African American War Heroes
African Americans have fought bravely in every major military action since colonial times. They bravely risked their life for this country while often being treated poorly by racists both in and oout of the military. Separated but never equal in war, black soldiers were often ordered to perform dangerous missions, while at other times being relegated to menial labor duties such as building roads, cooking, or burying the dead.
African Americans were effectively barred from serving in any military branch besides the army until World War II. After each war ended Black Americans continually had their military contributions minimized, yet they often clung to the belief that military service in wartime could lead to greater freedom and opportunity for all African Americans.
The Revolutionary War set precedents for black military service. Both Africans and African Americans fought on both sides of this war. After the war ended, slaves that fought for the British were either returned to their master or evacuated to Nova Scotia and Sierra Leone. Black soldiers from the north who had fought bravely in such battles as Bunker Hill helped convince leaders in several states to abolish slavery in later years.
Upon the outbreak of the Civil War at Fort Sumter, many freed African American men answered the call of the nation. Unfortunately, a 1792 Federal law barred African American from enlisting in the Army. It wasn't until 1862 that Congress allowed slaves to join, but only with their master's approval. During the war, President Lincoln issued the Emancipation Proclamation, which freed remaining slaves from the confederate south. Although African American Soldiers fought on both sides of the Civil War, the true victory was the abolition of slavery. When the Civil War finally came to an end, 16 African American Soldiers had been awarded the Medal of Honor.
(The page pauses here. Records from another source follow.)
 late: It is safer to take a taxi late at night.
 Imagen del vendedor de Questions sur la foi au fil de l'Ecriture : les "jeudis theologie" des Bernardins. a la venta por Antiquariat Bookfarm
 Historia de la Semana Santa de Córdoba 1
Following the Civil War, the Army disbanded volunteer “colored” regiments, and established six Regular Army regiments of black troops with white officers. In 1869, the infantry regiments were reorganized into the 24th and 25th Infantry. The two cavalry regiments, the 9th and 10th, were retained. These regiments were posted in the West and Southwest where they were heavily engaged in the Indian War. During the Spanish-American War, all four regiments saw service.
When World War I broke out, there were four all-black regiments: the 9th and 10th Cavalry and the 24th and 25th Infantry. The men in these units were considered heroes in their communities. Within one week of Wilson’s declaration of war, the War Department had to stop accepting black volunteers because the quotas for African Americans were filled.
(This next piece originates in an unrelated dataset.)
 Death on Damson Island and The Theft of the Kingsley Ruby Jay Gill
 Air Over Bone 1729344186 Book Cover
African Americans made up over one million of the more than 16 million U.S. men and women to serve in World War II. Some of these men served in infantry, artillery, and tank units. As General George S. Patton Jr. swept across France into Germany, in his Third Army were African American combat units. In 1945, there were approximately 240 field artillery battalions in Europe. Approximately eight of these battalions were composed of African Americans. The 999th Field Artillery was one of these African American battalions in Patton’s Third Army. They manned an eight-inch Howitzer that could fire at 200 lb. Projectile up to 10 miles. In combat, this battalion fired approximately 22,200 rounds.
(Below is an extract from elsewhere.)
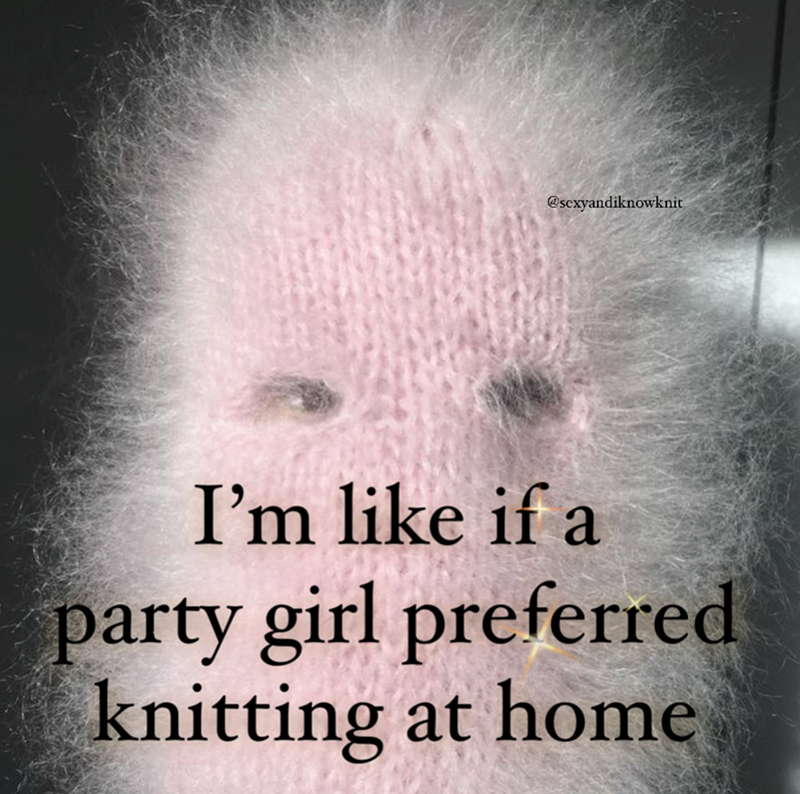 @sexyandiknowknit I'm like if a party girl preferred knitting at home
The Tuskegee Airmen were the first African American military aviators in the United States armed forces. During World War II, African Americans in many U.S. states still were subject to racist, so-called Jim Crow laws. The American military was racially segregated, as was much of the federal government. The Tuskegee Airmen were subject to racial discrimination, both within and outside the army. Despite these adversities, they trained and flew with distinction. Although the 477th Bombardment Group "worked up" on North American B-25 Mitchell bombers, they never served in combat; the Tuskegee 332nd Fighter Group was the only operational unit, first sent overseas as part of Operation Torch, then in action in Sicily and Italy, before being deployed as bomber escorts in Europe where they were particularly successful in their missions.
The Vietnam War saw the highest proportion of blacks ever to serve in an American war. During the height of the U.S. involvement, 1965-69, blacks, who formed 11 percent of the American population, made up 12.6 percent of the soldiers in Vietnam. The majority of these were in the infantry, and although authorities differ on the figures, the percentage of black combat fatalities in that period was a staggering 14.9 percent, a proportion that subsequently declined. Volunteers and draftees included many frustrated blacks whose impatience with the war and the delays in racial progress in America led to race riots on a number of ships and military bases, beginning in 1968, and the services' response in creating interracial councils and racial sensitivity training.